A Little Comparison, a Few Conclusions.


So, today I got out and took a photo of the house from nearly the same angle as the catalog photo. Not quite, but close enough to do an overlay. I need to scoot over about three feet and take another picture, but that has to wait for the camera to recharge. As it was I ended up using the webcam on my tablet and guessing the angle, because I got out there, set myself up to shoot based on the catalog image on the tablet and had a dead camera. Got to love modern technology, huh?
The front bedroom window and front corner line up. The replacement front steps line up with the originals. The roof line might line up if I can somehow get more on a level field with the house.
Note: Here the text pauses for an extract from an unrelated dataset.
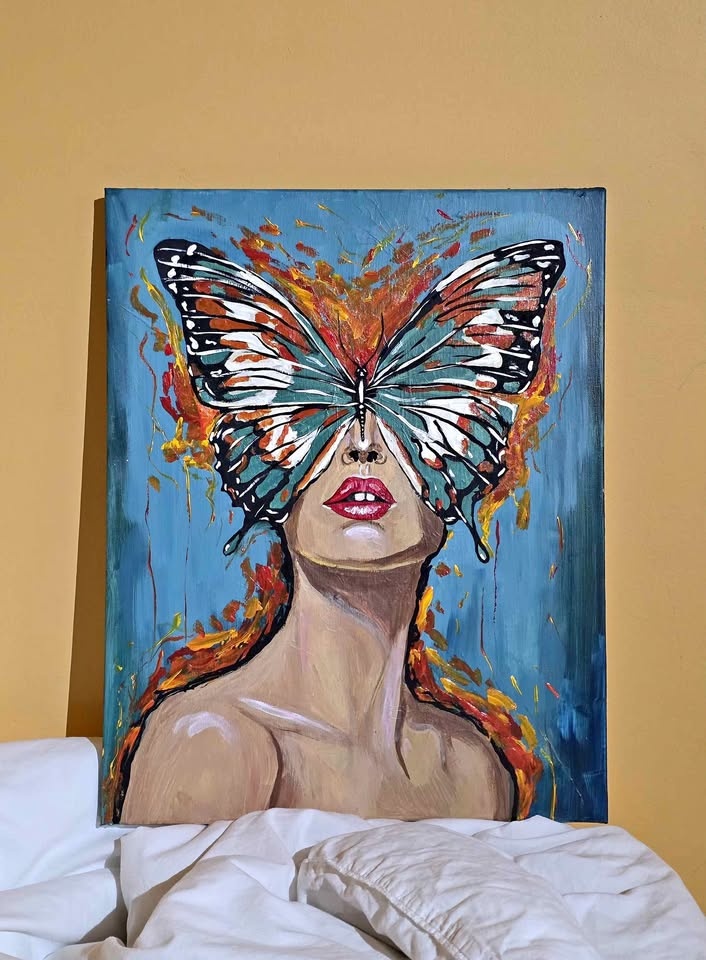 WOMAN BUTTERFLY ACRYLIC PAINTING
Maybe by standing on a chair on the raised sidewalk across the sunken street. The lack of dormers is glaring, and I know those were there, you can see their ghosts inside the attic. The chimney doesn't line up, but that may be due to the error in aligning the photo just right. The modern siding on the now-enclosed front porch thankfully wasn't continued around the whole house, but the eave overhang was inexplicably closed in with ugly flat ventilation soffit and I fear that the lovely shaped rafter ends were likely trimmed or removed to fit under it. At least the rest of them were not covered up.
It has really underlined how much has happened to the house in its 100 years. I am both happy about this and sad, but not surprised.
I have the front porch interior half painted (the kids' half, of course) and I discovered something that is significant and not unexpected. I knew the sheathing of the columns had to have been either mangled or stripped away in order to put up the siding and interior paneling. I found the ghosts of the columns etched into the old exterior front wall, at both ends. The angle of the column sides and shape of the capitals match those in the catalog picture. This will give me something to work from when we restore the porch. While we want to keep it enclosed, it will be changed to a more sensitive style of enclosure, with the columns replaced, exposing or replacing the curved beams, removing the awful siding and soffit panels, reshingling the porch wall up to the rail and putting in more period appropriate steps, windows and front door. It is an ambitious plan. It is one of the last things on our list.
One more thing - the floor plan in the catalog shows the dining room windows are not centered on the dining room wall. The addition, put on in the 20's (and done by an awful contractor I would love to have some harsh words with), is also not aligned to the center of the dining room. It is off by almost, but not quite, a foot. The discrepancy in one explains the otherwise random discrepancy in the other. It looks as if they laid the foundation for the bay addition, aligned to center on the pair of windows, then tore out the wall, and discovered that it was out of line with the room.

3 comments:

Rachel Shoemaker said...

I see you found my facebook page! There is another one too. I am sure that everyone would love to see your house and things you do as you do them.
https://www.facebook.com/groups/35528093421/
If that link doesn't take you there just search facebook for Sears Homes and request to join.
Hope to see you in the Sears Room, it is lots of fun!

lara said...

Well, the roofline certainly screams "Aladdin".

You know Aladdin has sales records at the Clarke Library, right? Maybe you can hire a student to research them for you.

BMT said...

Yes, I emailed a request ... this year or last year. Unfortunately, they don't have records as early as 1912, when we know the house was built (for the elder daughter's wedding).